Acontece que tal lógica é responsável por diversos desajustes porque não considera, muitas vezes, a cultura vital dos adultos, por isso não resolve os seus problemas. Ela não questiona o porquê da inserção de certos discursos e práticas na educação de adultos e o afastamento de outros(as), que tenham em conta as experiências contraditórias e multidimensionais dos educandos, que articulem o conhecimento científico e técnico com a construção de verdadeiras de biografias significativas dos adultos, com as suas experiências vitais, com o “humanismo”, partindo do modelo dialógico de educação (Freire, 2001, p. 22).

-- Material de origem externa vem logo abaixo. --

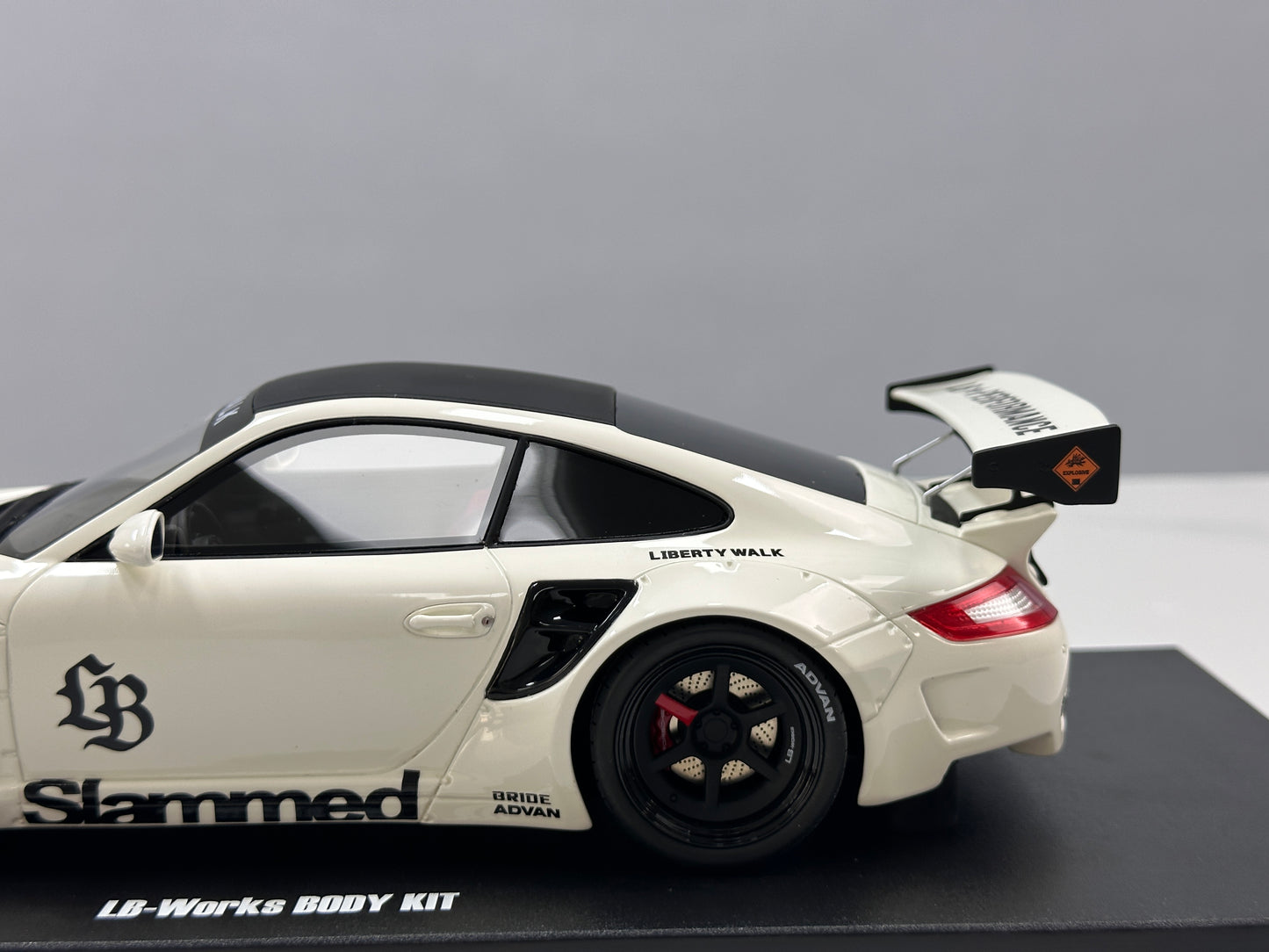 GT Spirit 1/18 Porsche LB-WORKS 997 TURBO White GT958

Esta é, para nós, a forma de pensar a educação de adultos, forma que se deve constituir como a base da profissão, da formação e do saber dos que atuam neste setor. É esta forma, que articula teoria e prática, reflexão e ação (praxis), conhecimento do trabalhador especializado - fundado cientificamente - e saber/cultura dos adultos, que permite o cumprimento do que deve ser o compromisso profissional social dos que aí laboram: o compromisso de contribuírem para a mudança individual e social dos adultos, para a implementação de uma educação que leva ao surgir de uma consciência crítica que permita a cidadania (Freire, 2001). O papel do educador de adultos deve assentar na praxis libertadora, autêntica e verdadeira (Freire, 1975).